▸ **Task instructions**
Although the data below holds other lines too, output only those from the line with "ปกนิยาย ซ่อนกลิ่นรัญจวน (OMEGAVERSE)" up to and including the line with "10 Pin Shuffle Bowling screenshot", exactly as they appear.

▸ **Input data**

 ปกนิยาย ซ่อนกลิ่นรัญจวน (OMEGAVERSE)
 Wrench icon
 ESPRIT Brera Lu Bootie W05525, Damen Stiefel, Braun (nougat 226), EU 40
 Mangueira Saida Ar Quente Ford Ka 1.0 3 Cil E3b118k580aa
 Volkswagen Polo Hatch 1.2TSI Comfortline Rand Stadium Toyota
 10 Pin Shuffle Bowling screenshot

* * *

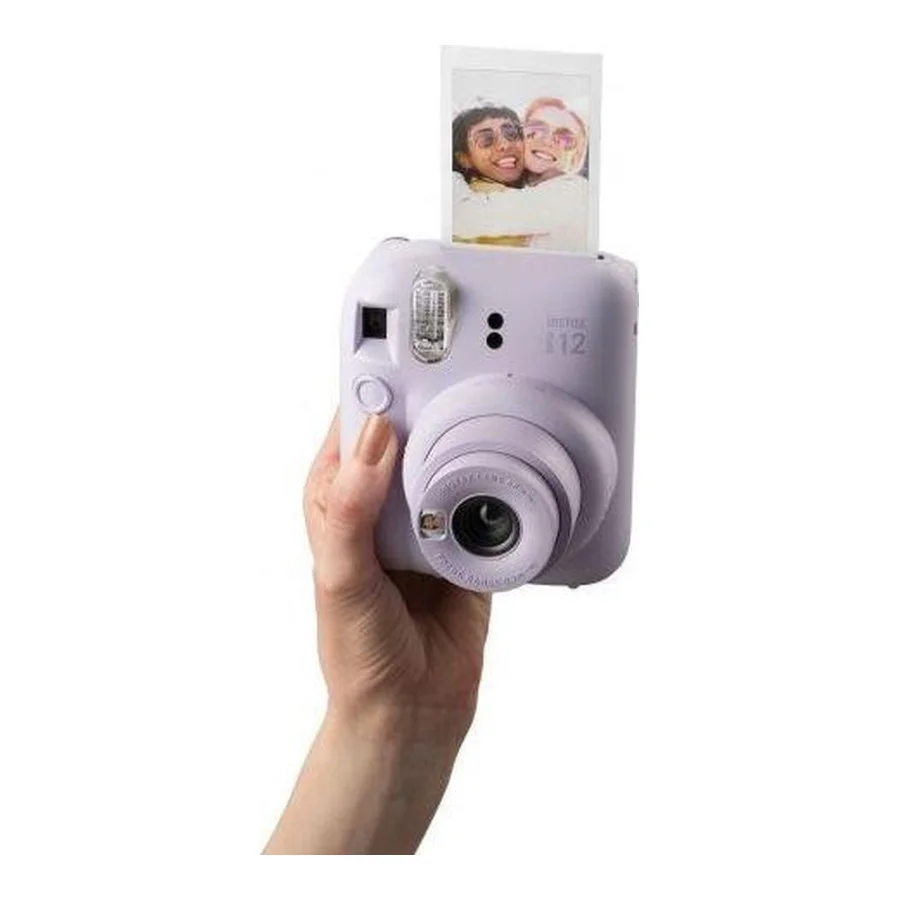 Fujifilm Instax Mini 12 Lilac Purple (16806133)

▸ **Written solution**
 ปกนิยาย ซ่อนกลิ่นรัญจวน (OMEGAVERSE)
 Wrench icon
 ESPRIT Brera Lu Bootie W05525, Damen Stiefel, Braun (nougat 226), EU 40
 Mangueira Saida Ar Quente Ford Ka 1.0 3 Cil E3b118k580aa
 Volkswagen Polo Hatch 1.2TSI Comfortline Rand Stadium Toyota
 10 Pin Shuffle Bowling screenshot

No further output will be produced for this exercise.